Rivington Terraced Gardens Conservation Project
Year 10 pupils in the Boys' Division help with conservation work at Rivington Terraced Gardens.
The Rivington Heritage Trust (RHT) and Groundwork Cheshire, Lancashire and Merseyside are working to conserve and restore the historic Rivington Terraced Gardens and need help from volunteers.
Year 10 pupils in the Boys' Division have helped with this work by clearing steps, cutting back vegetation and completing many other tasks to help to improve public access and maintain the views that were once visible from the pathways.
RHT began a process of seeking Heritage Lottery funding to help them to conserve the famous Rivington Terraced Gardens, built by Lord Leverhulme around his Rivington residence.
As Lord Leverhulme was responsible for re-founding the School in 1915, creating the Bolton School Foundation as it exists today, this was a fantastic opportunity to make a connection between the School and the Gardens. By helping to look after the Terraced Gardens for the benefit of future generations, the boys who are beneficiaries of Leverhulme’s legacy are able to better understand his connection to the local area.

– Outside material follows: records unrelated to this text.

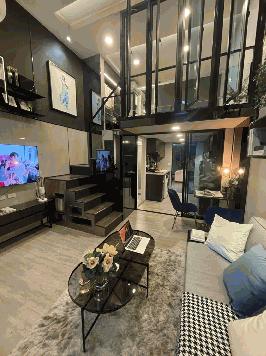 ขายดาวน์(ราคาทุน) คอนโด The Origin Plug & Play Ramintra  ผ่อนสบาย ๆ ไม่มีบอลลูน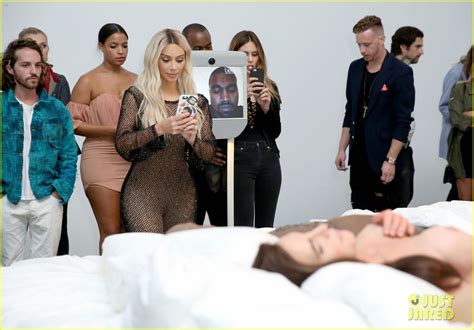 Kanye West Opens Art Gallery Featuring His 'Famous' Bed & Wax Figures: Photo 3743031 | Kanye ...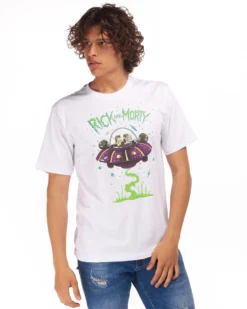 RICK AND MORTY - UOMO TSHIRT MEZZA MANICA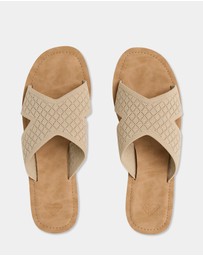 Roxy - Womens Andreya Crochet Slides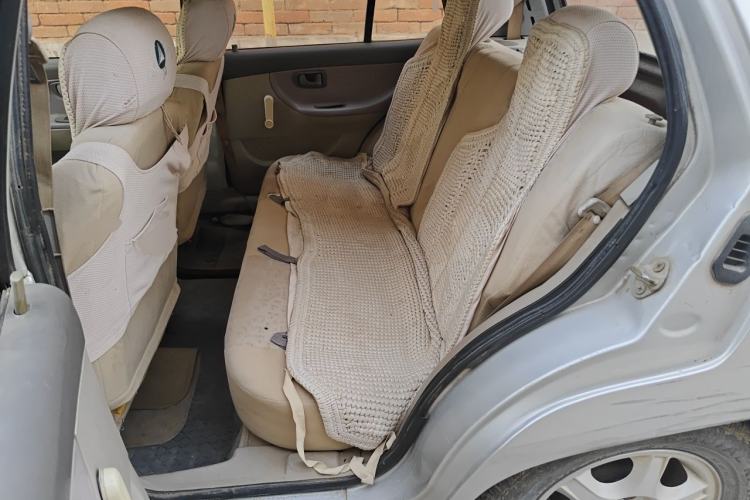 Used FAW Xiali 2008 N3+ 1.0L Hatchback Left Rear Seat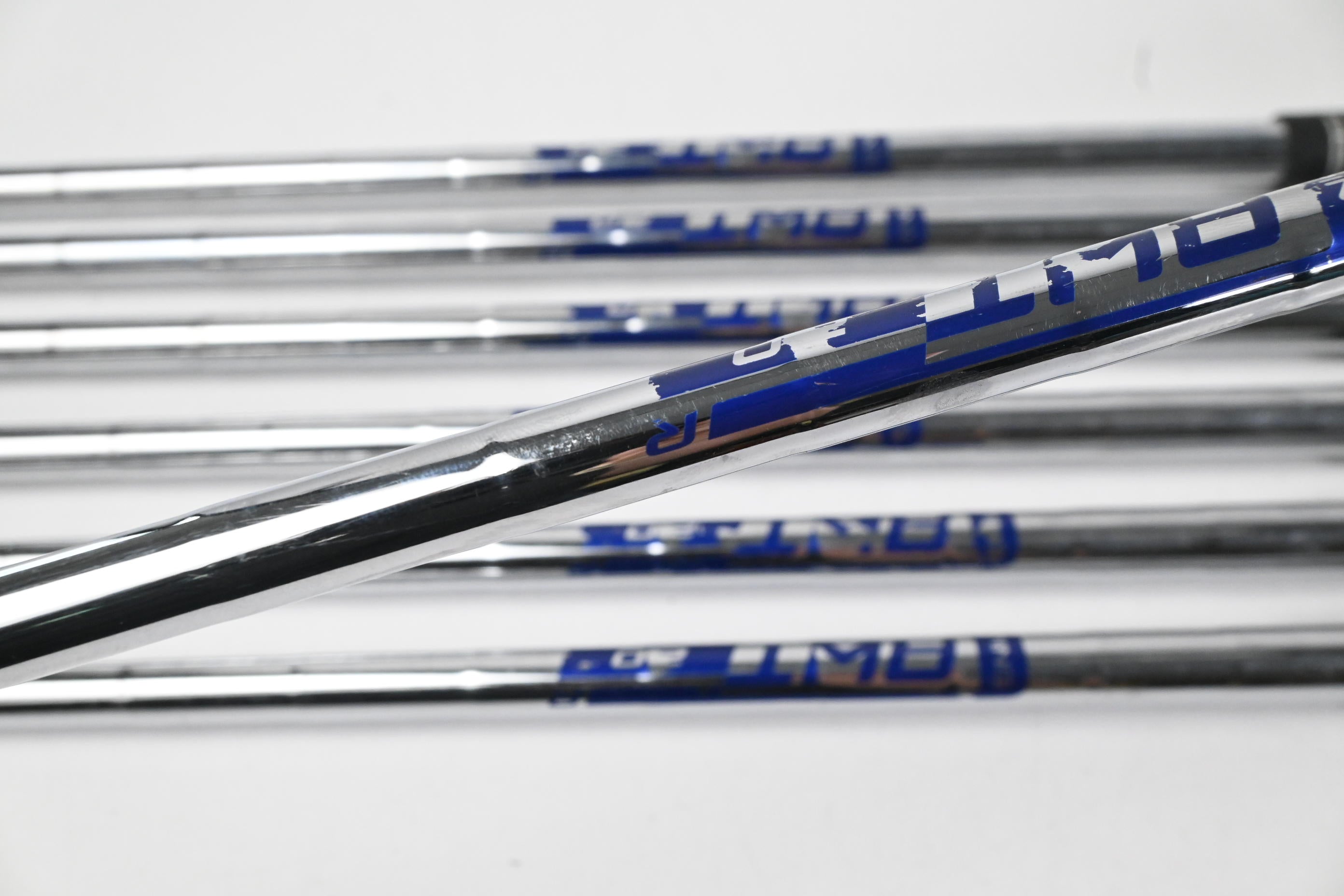 Ping G400 Irons / 6-PW+SW+LW / Green Dot / Regular Flex Ping AWT 2.0 Shafts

Flexibility in the timetable is required to allow pupils in Year 10 to visit the Rivington Terraced Gardens bi-weekly for a whole afternoon (departing School at 1pm and returning for 4pm). This has been arranged as part of the SPACE Programme: an effort at Bolton School Boys' Division to broaden boys' experiences beyond curriculum requirements by timetabling an afternoon of enrichment activities. For Year 10 pupils, this includes Community Action such as working at Rivington Terraced Gardens.
Ben Williams is the Project Manager for the Rivington Terraced Gardens and said of Bolton School boys’ efforts: “It’s already made an enormous impact in terms of the amount of light and air circulation in the area. This sort of task is really important for the Gardens – there’s no worse enemy to historic structures than damp, and clearances like this will allow the stonework to dry out and ‘breathe’ as it was designed to. It’s also bringing some lines of sight back into that area so that visitors can begin to appreciate the structures as they were planned once more.”
Groups of pupils in Year 10 are involved with the project on a rota.